On accountability to affected people: “Let’s change our relationship with those we serve.”

Griffiths said he remained haunted by an incident in the Democratic Republic of Congo in the 1990s in which a refugee child died while he was speaking to the baby’s mother. The baby’s liquids had spilled onto Griffiths’ trousers and, even in her moment of loss, the mother was focused on cleaning them. “The negative power dynamics between us and the affected people… you see it wherever you go,” he said.

Griffiths said he hoped his legacy would be in improving accountability to affected people and the responsiveness of humanitarian programming, planning, and delivery to their needs. But he gave few concrete examples of how that would be achieved, apart from improving humanitarians’ capacity to listen to what people want. 

He remarked upon being struck by a comment by a Syrian refugee in Turkey, who said: “You can't lean back on a tent. And we've been living in a tent for five years. And can we have something a little bit more solid, so that we can actually lean back on it?’” 

And he chastised the typical response: “ ‘No, no, we keep giving tents, because we don't want you to look as if you're permanently there.’ There's a lot of things that we can do better in this regard.”

Yet Griffiths also stressed the challenges of providing more tailored responses to people in need on such short annual project cycle timelines. “It's probably going to be a bit longer to get [accountability to affected people] right,” he said. “But I hope we can really move that forward.”
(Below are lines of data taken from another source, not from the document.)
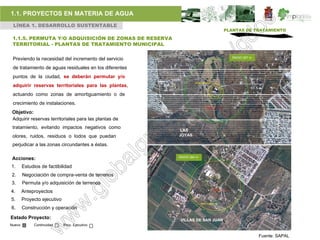 1.1. PROYECTOS EN MATERIA DE AGUA
 LÍNEA 1. DESARROLLO SUSTENTABLE
                                                                                                  PLANTAS DE TRATAMIENTO

 1.1.5. PERMUTA Y/O ADQUISICIÓN DE ZONAS DE RESERVA
 TERRITORIAL - PLANTAS DE TRATAMIENTO MUNICIPAL

                                                                                                         RADIO 267 m
 Previendo la necesidad del incremento del servicio
 de tratamiento de aguas residuales en los diferentes
 puntos de la ciudad, se deberán permutar y/o
                                                                 RADIO = 60.81 mts
 adquirir reservas territoriales para las plantas,
                                                                                      %




 actuando como zonas de amortiguamiento o de
 crecimiento de instalaciones.
                                                                              RADIO = 37.35 mts

 Objetivo:
 Adquirir reservas territoriales para las plantas de
 tratamiento, evitando impactos negativos como
                                                         LAS
 olores, ruidos, residuos o lodos que puedan            JOYAS

 perjudicar a las zonas circundantes a éstas.

                                                        RADIO 264 m
 Acciones:                                                             s



1.      Estudios de factibilidad
2.      Negociación de compra-venta de terrenos
3.      Permuta y/o adquisición de terrenos                                           %




4.      Anteproyectos                                                                RADIO = 37.73 mts




5.      Proyecto ejecutivo
                                                                       RADIO = 236.24 mts

6.      Construcción y operación

Estado Proyecto:                                        VILLAS DE SAN JUAN
Nuevo        Continuidad     Proy. Ejecutivo


                                                                                                                       Fuente: SAPAL
 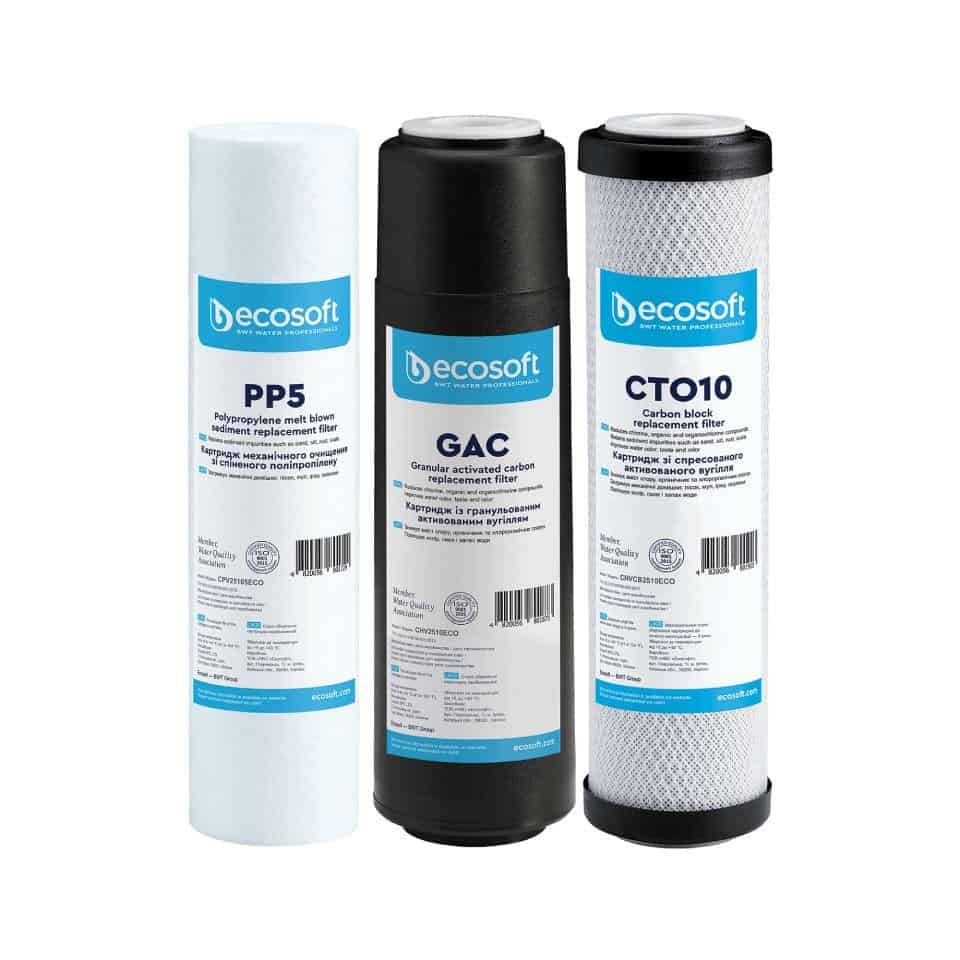 Replacement water filter cartridges set for water purifiers, including PP5, GAC, and CTO10 filters, suitable for residential and commercial water filtration systems.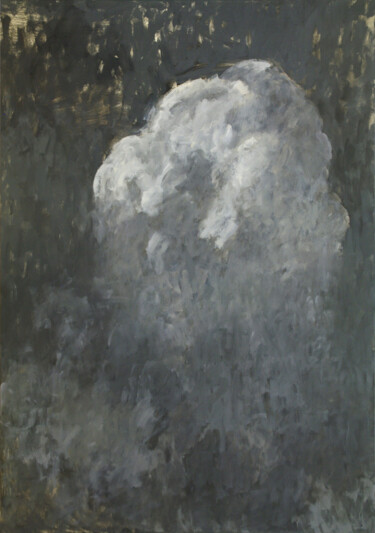 Painting titled "Cloud II" by Glib Franko, Original Artwork, Oil Mounted on Wood Stretcher frame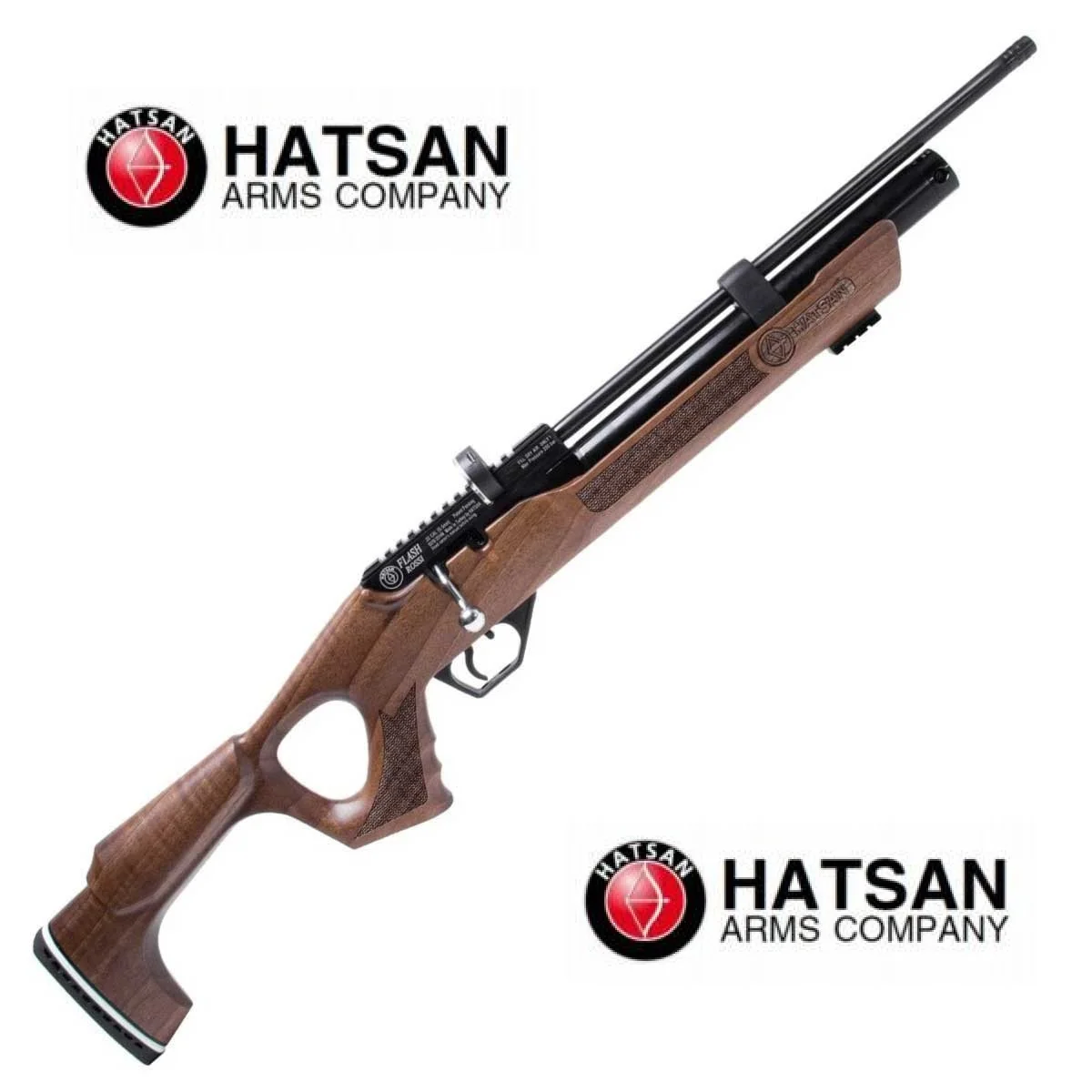 Carabina PCP Hatsan Flash Wood Madeira 10 Tiros Cal 6,35mm - Eco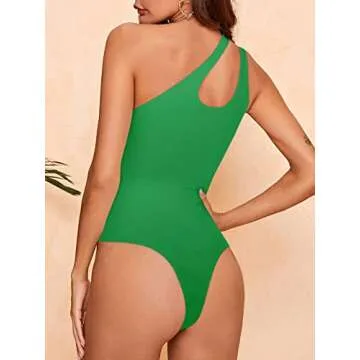 REORIA Women's Sexy One Shoulder Bodysuit for Summer Fun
On why conflict resolution should be a bigger focus: “We are compelled to do it, by the circumstances, by the costs.”

His background as a conflict mediator – and the skyrocketing costs of humanitarian response – have pushed him to take a different approach to emergency aid. 

“We need to be… finding a way to move away from simply repeating the appeal for another year, another year, another year. We need to look at ways in which we can be aware of and maybe support – from a humanitarian perspective – efforts to resolve the conflicts; efforts to be much more present early on in cases of drought and potential famine…

“We need to be a lot more focused, not on an exit – because that suggests an abdication of responsibility – but on a resolution.” 

He pointed to Syria and Ethiopia as examples. 

In Syria’s conflict, he said, 10 years of aid have not changed the trajectory of increasing poverty in the country. “We are failing each year, more, to do our job for the Syrian people. We need to look at how to move away from that.” 

In Ethiopia, he said, getting access to deliver aid to people in need was always going to be complicated so long as an active conflict was underway. “There's no doubt that absent an end to the fighting between the Tigrayans and the government of Ethiopia, our humanitarian access is going to be patchy.” 

And while he said he would keep pushing for access, he added: “I'm a realist, after all these years of pain, that it's the ceasefire that needs to happen if we're really going to get what we need.” 

Bringing an end to suffering is “not easy; it's tricky; it's complicated; and it's political,” he said. “But OCHA – and my position – has to engage with the political.” 

On speaking out: “To beat back the containment of humanitarian space, [we need] better advocacy.”

Griffiths said one of his priorities was more “focused and targeted” advocacy. 

Many humanitarian aid workers shy away from strong advocacy – for instance on the drivers of need or who is to blame – because they fear it will jeopardise the perception of neutrality and impartiality that they need to do their jobs. 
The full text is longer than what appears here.